Work instruction: Exactly as they appear below, repeat the lines from the one with "Screen — view 3" through the one with "Gold Finish Yellow". Drop every picture.

Data records:
..........

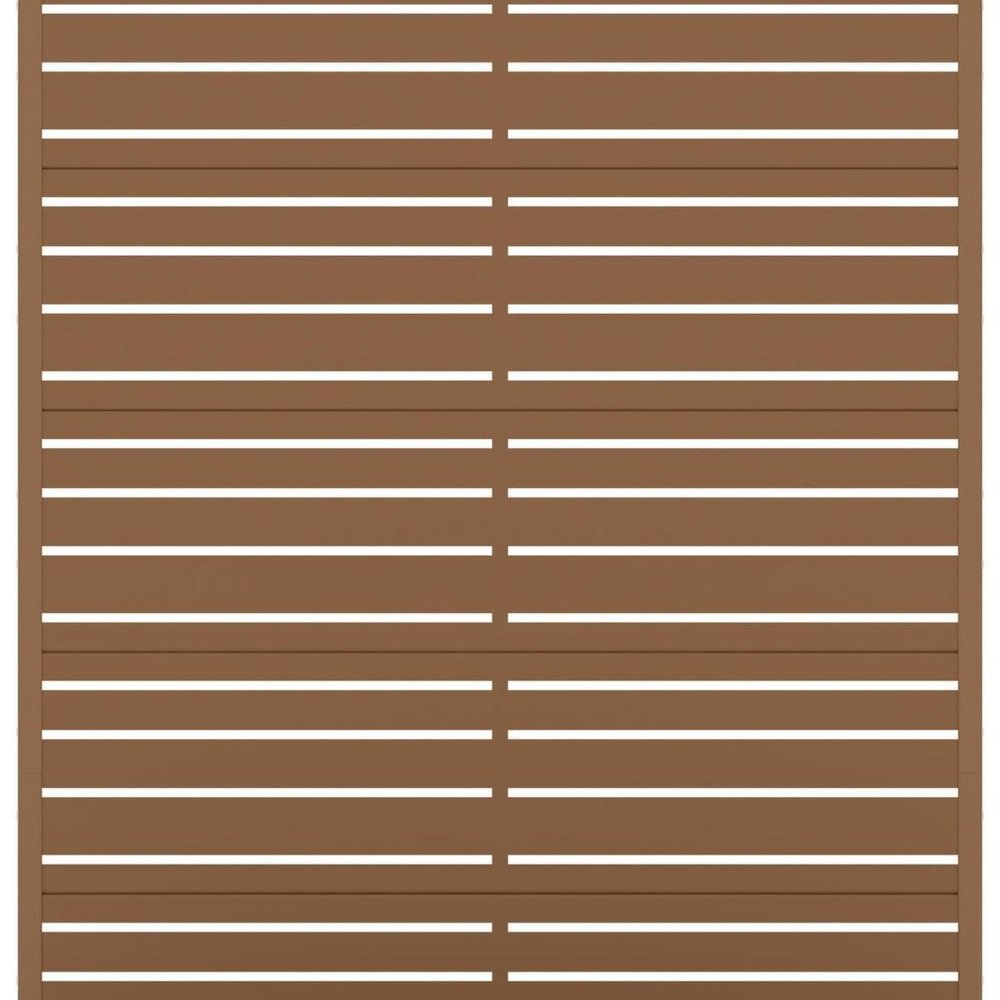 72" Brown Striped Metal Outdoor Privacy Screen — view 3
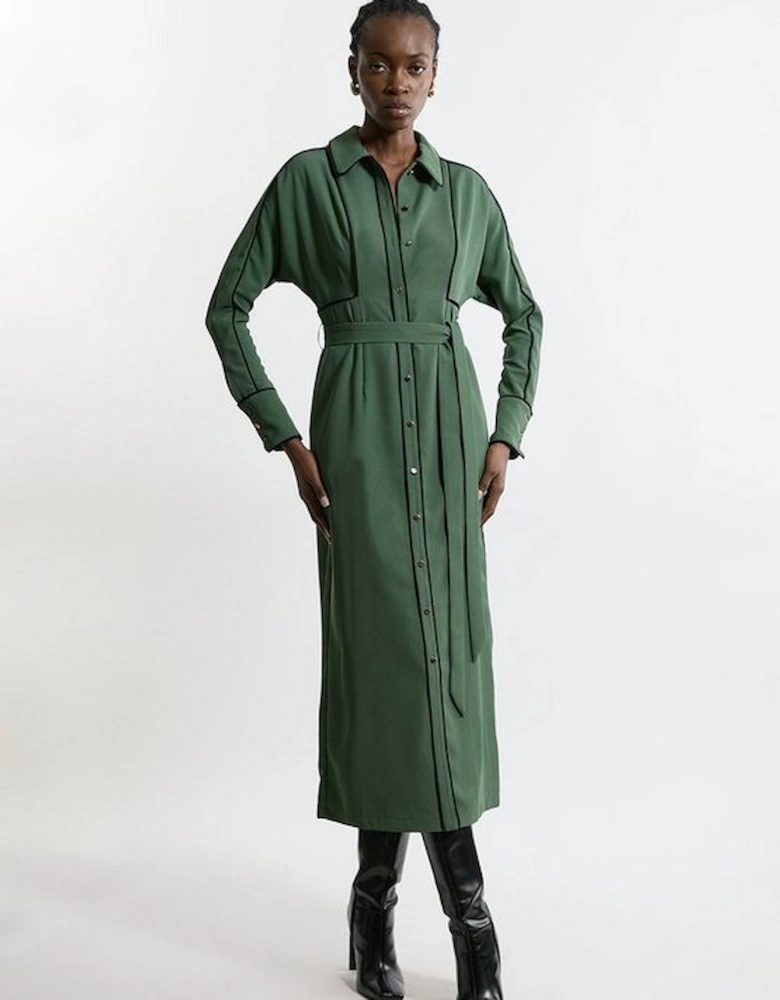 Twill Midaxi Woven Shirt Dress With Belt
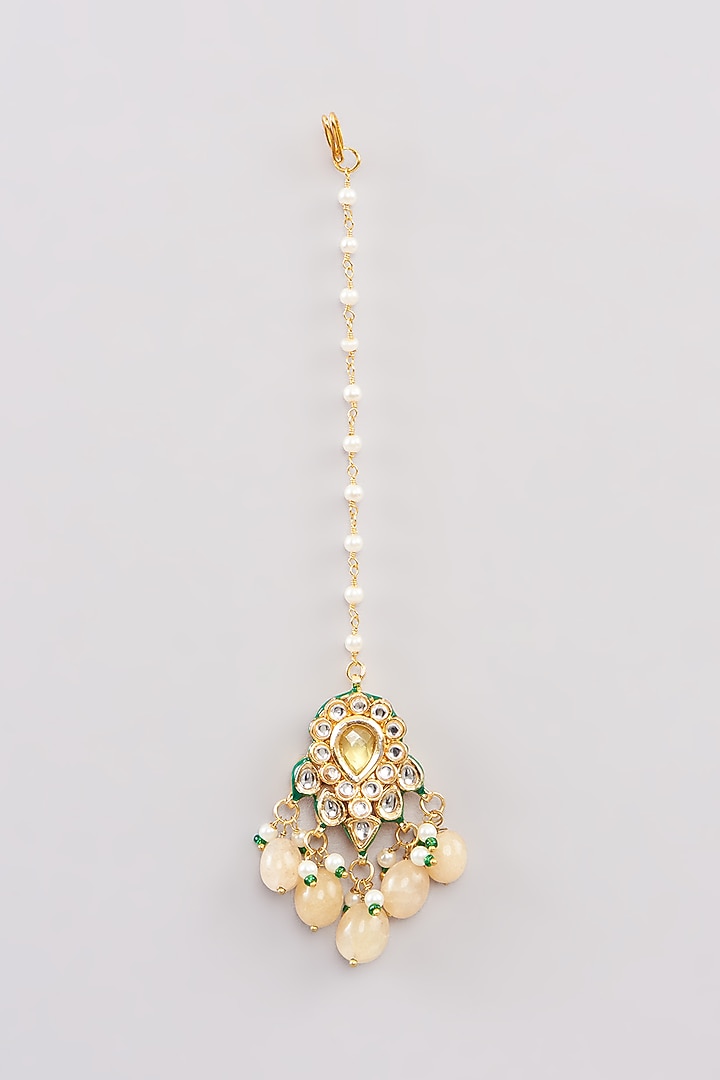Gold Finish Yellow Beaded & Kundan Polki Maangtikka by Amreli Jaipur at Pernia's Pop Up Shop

..........

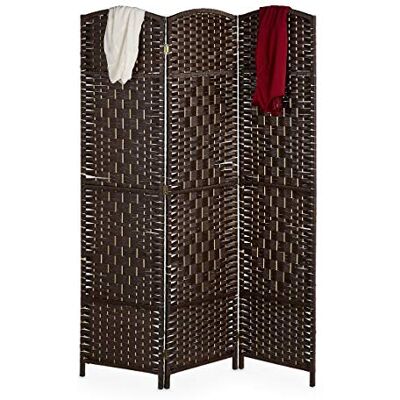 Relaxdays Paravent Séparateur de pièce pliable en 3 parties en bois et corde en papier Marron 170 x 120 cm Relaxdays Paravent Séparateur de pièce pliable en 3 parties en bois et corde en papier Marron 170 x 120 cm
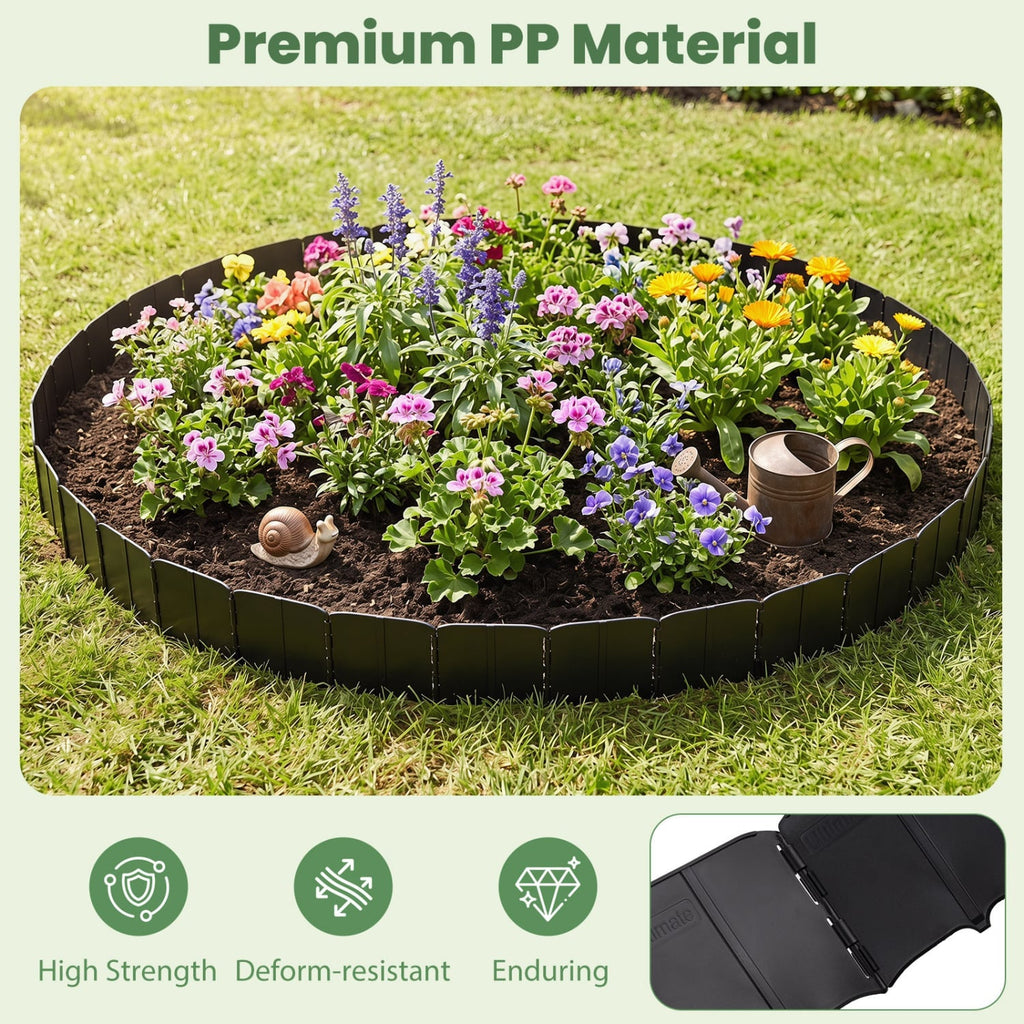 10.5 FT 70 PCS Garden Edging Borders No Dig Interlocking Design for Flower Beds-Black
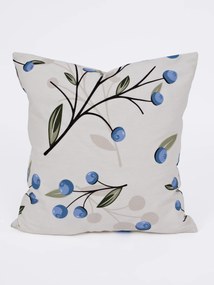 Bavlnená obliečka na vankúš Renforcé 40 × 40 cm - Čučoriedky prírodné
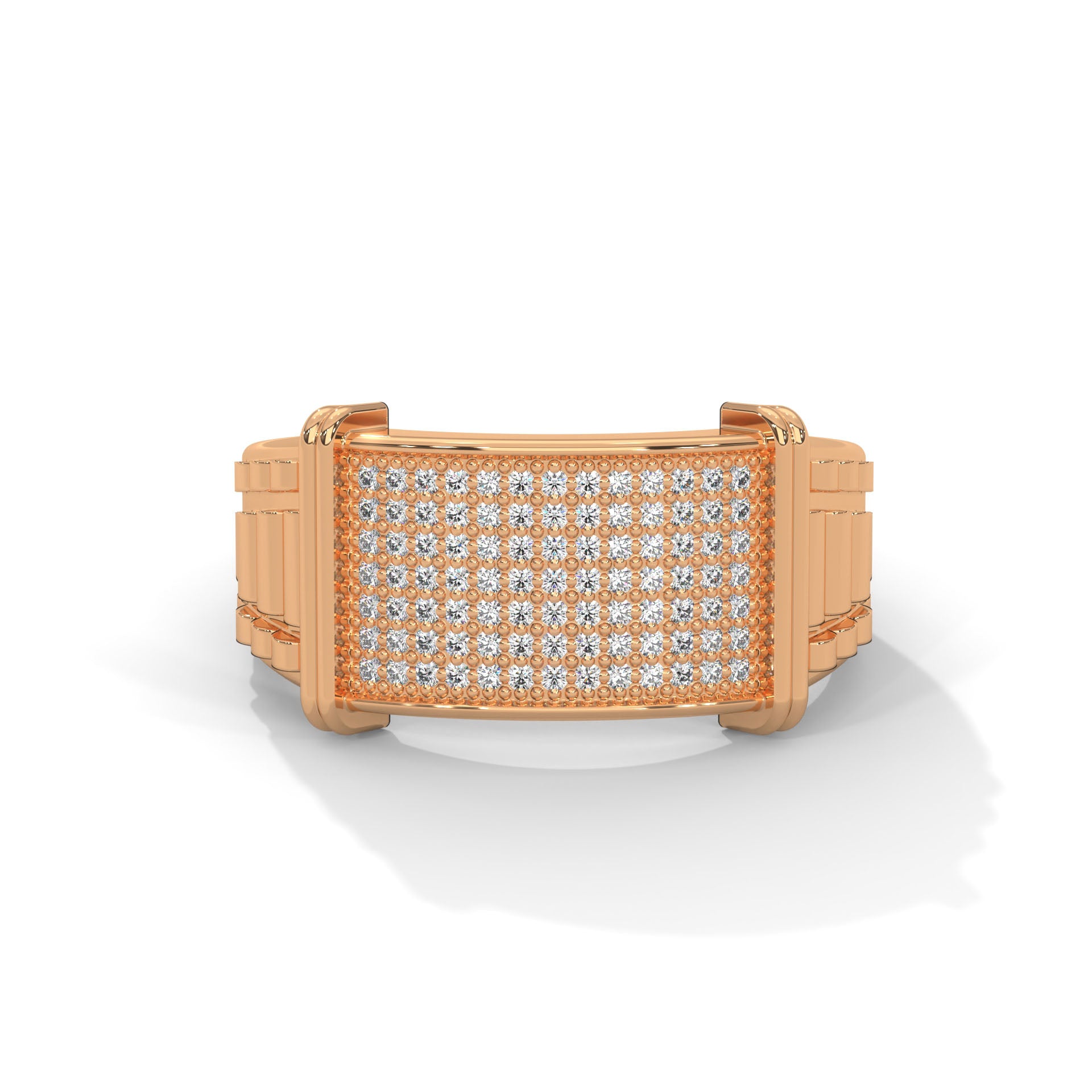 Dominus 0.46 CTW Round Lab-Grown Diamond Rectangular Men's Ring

..........

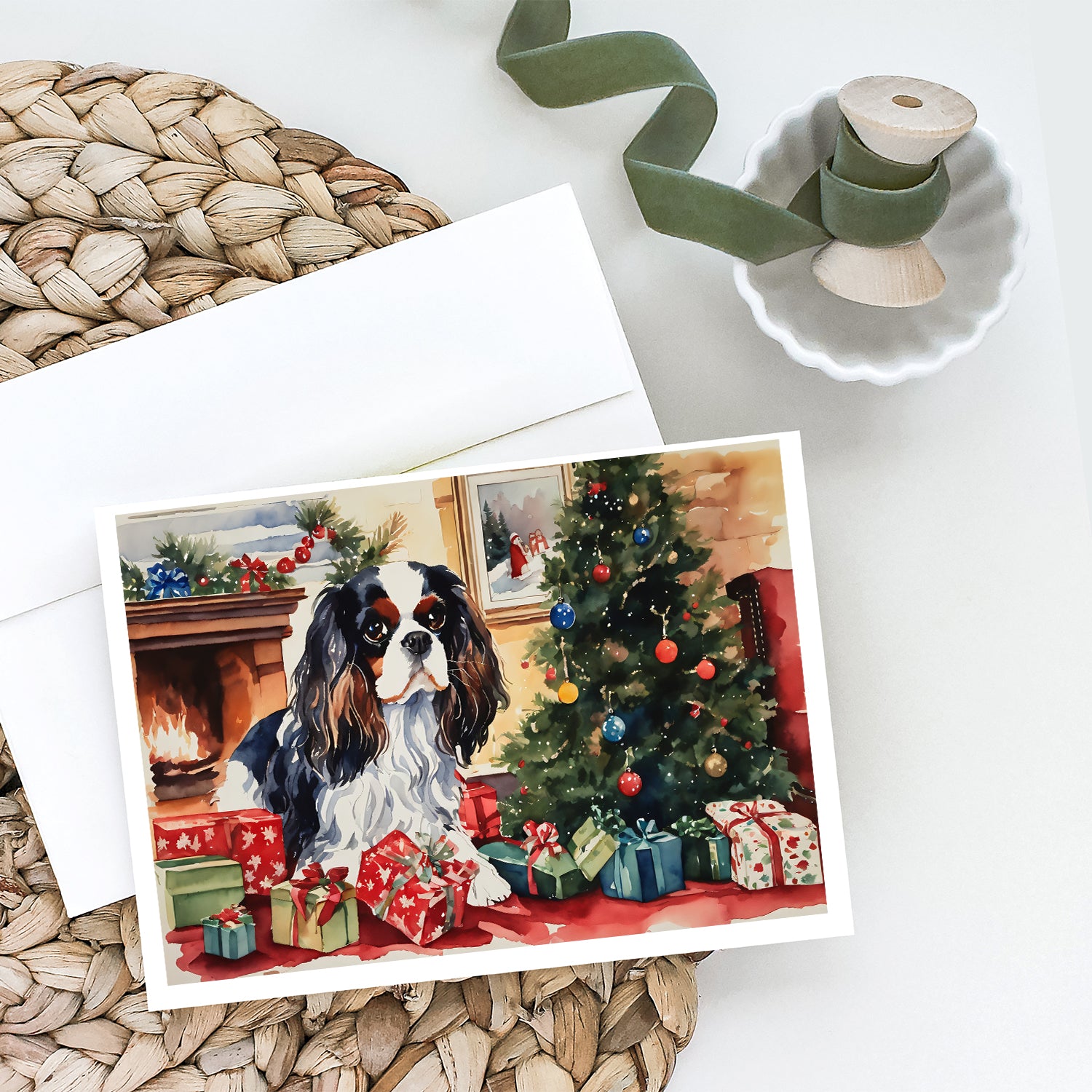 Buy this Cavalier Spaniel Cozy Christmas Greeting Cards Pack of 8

..........

Output of the exercise:
 72" Brown Striped Metal Outdoor Privacy Screen — view 3
 Twill Midaxi Woven Shirt Dress With Belt
Gold Finish Yellow Beaded & Kundan Polki Maangtikka by Amreli Jaipur at Pernia's Pop Up Shop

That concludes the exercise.